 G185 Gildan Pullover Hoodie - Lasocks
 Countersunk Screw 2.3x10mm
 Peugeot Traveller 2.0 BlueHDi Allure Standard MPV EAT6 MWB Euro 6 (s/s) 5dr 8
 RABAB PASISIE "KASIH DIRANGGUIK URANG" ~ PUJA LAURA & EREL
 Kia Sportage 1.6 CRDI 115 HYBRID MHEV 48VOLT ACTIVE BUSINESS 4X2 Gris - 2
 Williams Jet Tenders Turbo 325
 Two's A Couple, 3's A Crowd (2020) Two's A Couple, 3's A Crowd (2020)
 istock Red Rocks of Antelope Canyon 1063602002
══════
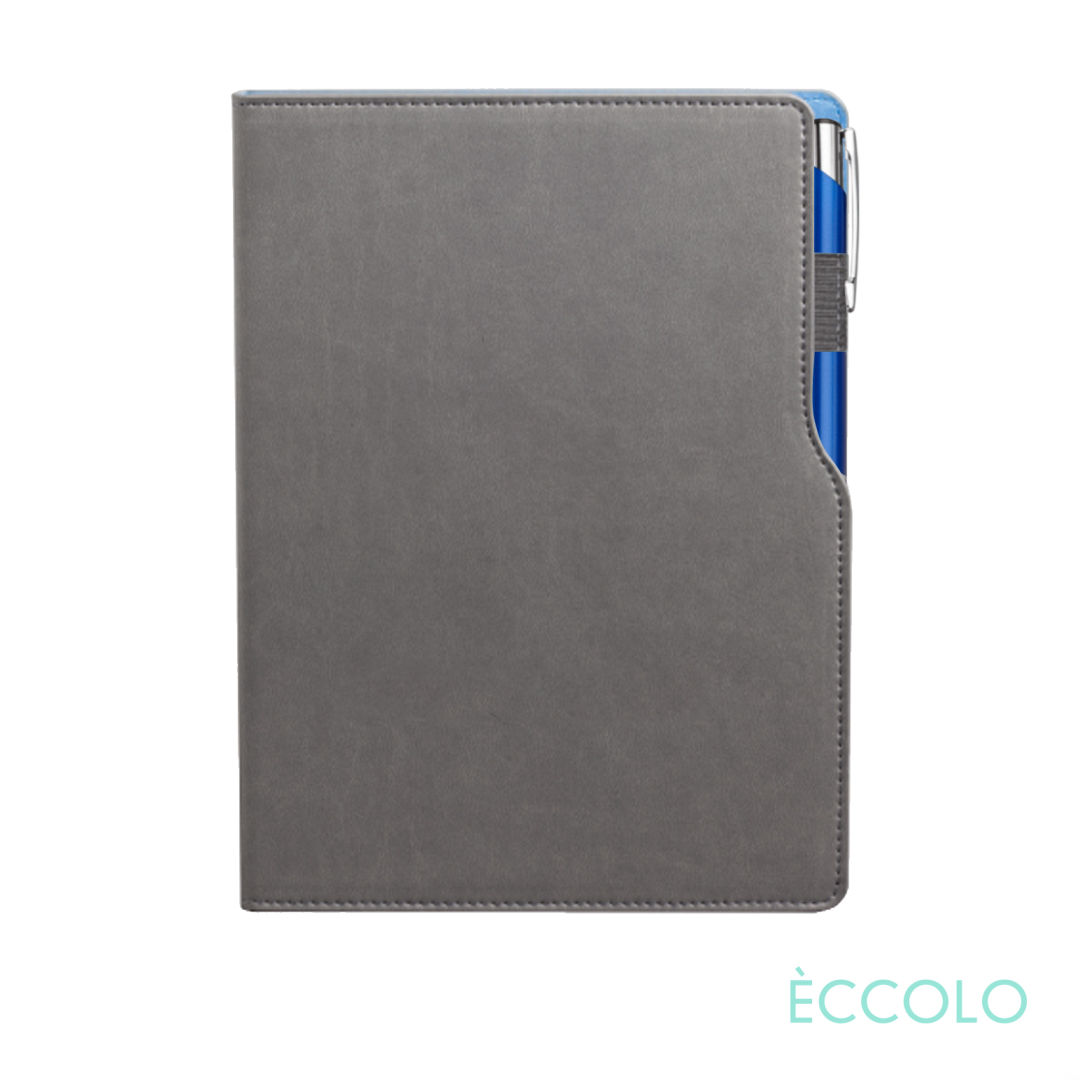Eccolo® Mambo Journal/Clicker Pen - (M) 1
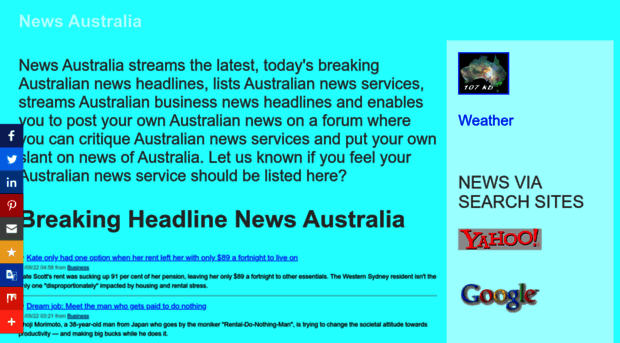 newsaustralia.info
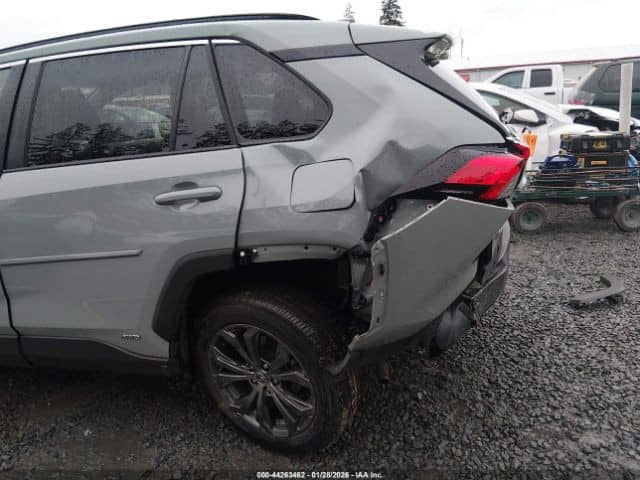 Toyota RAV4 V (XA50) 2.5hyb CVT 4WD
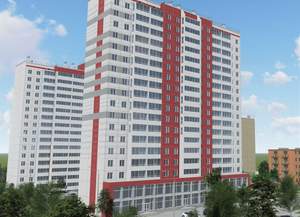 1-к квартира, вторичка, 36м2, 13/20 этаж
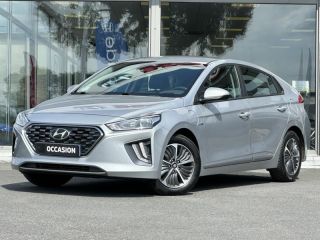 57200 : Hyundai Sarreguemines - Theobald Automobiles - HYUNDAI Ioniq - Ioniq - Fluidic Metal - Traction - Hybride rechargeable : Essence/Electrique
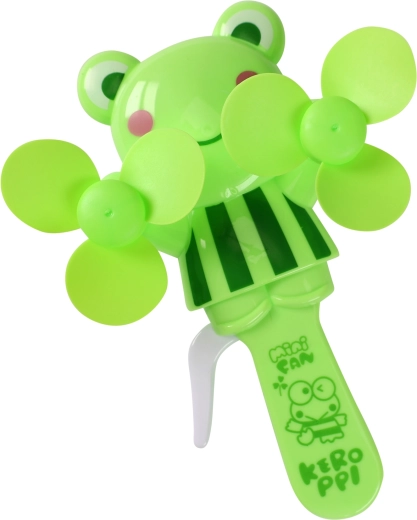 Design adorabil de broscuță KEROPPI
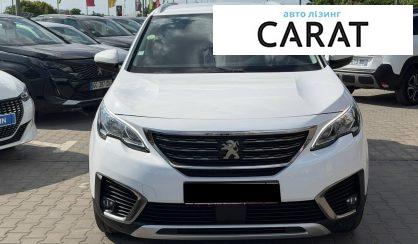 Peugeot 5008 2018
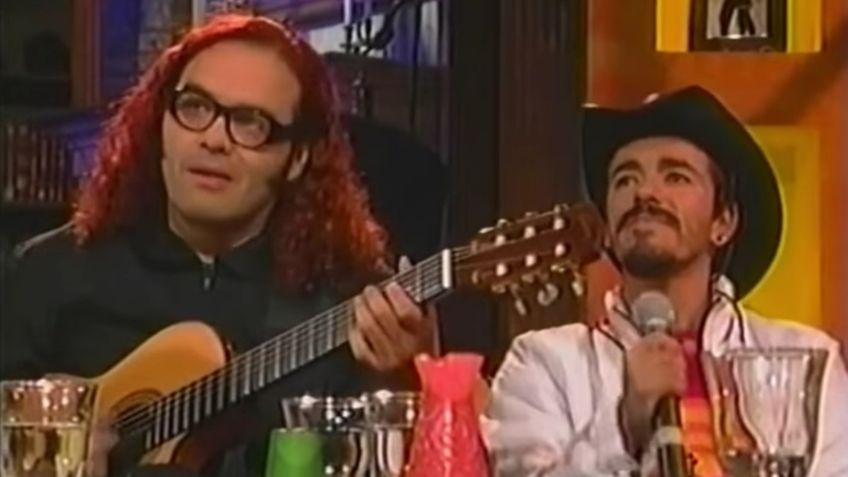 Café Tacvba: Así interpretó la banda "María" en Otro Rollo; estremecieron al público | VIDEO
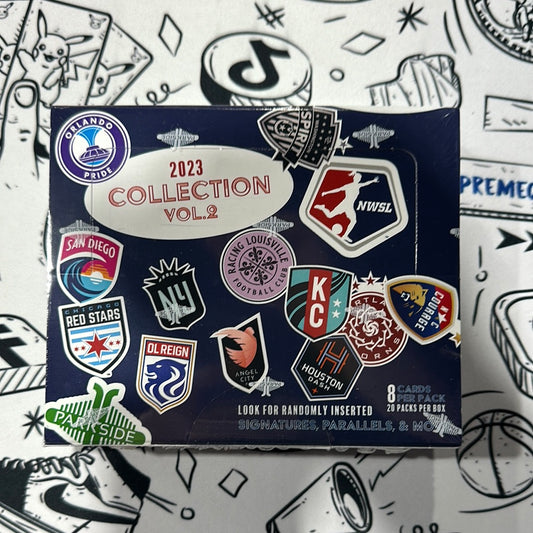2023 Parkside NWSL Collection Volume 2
══════
> Task prompt:
Starting at the line above that holds "Toyota RAV4 V (XA50) 2.5hyb CVT 4WD", repeat every line exactly down to and including the line that holds "Café Tacvba: Así", then stop. Do not carry over any pictures.

> Answer section:
 Toyota RAV4 V (XA50) 2.5hyb CVT 4WD
 1-к квартира, вторичка, 36м2, 13/20 этаж
 57200 : Hyundai Sarreguemines - Theobald Automobiles - HYUNDAI Ioniq - Ioniq - Fluidic Metal - Traction - Hybride rechargeable : Essence/Electrique
 Design adorabil de broscuță KEROPPI
 Peugeot 5008 2018
 Café Tacvba: Así interpretó la banda "María" en Otro Rollo; estremecieron al público | VIDEO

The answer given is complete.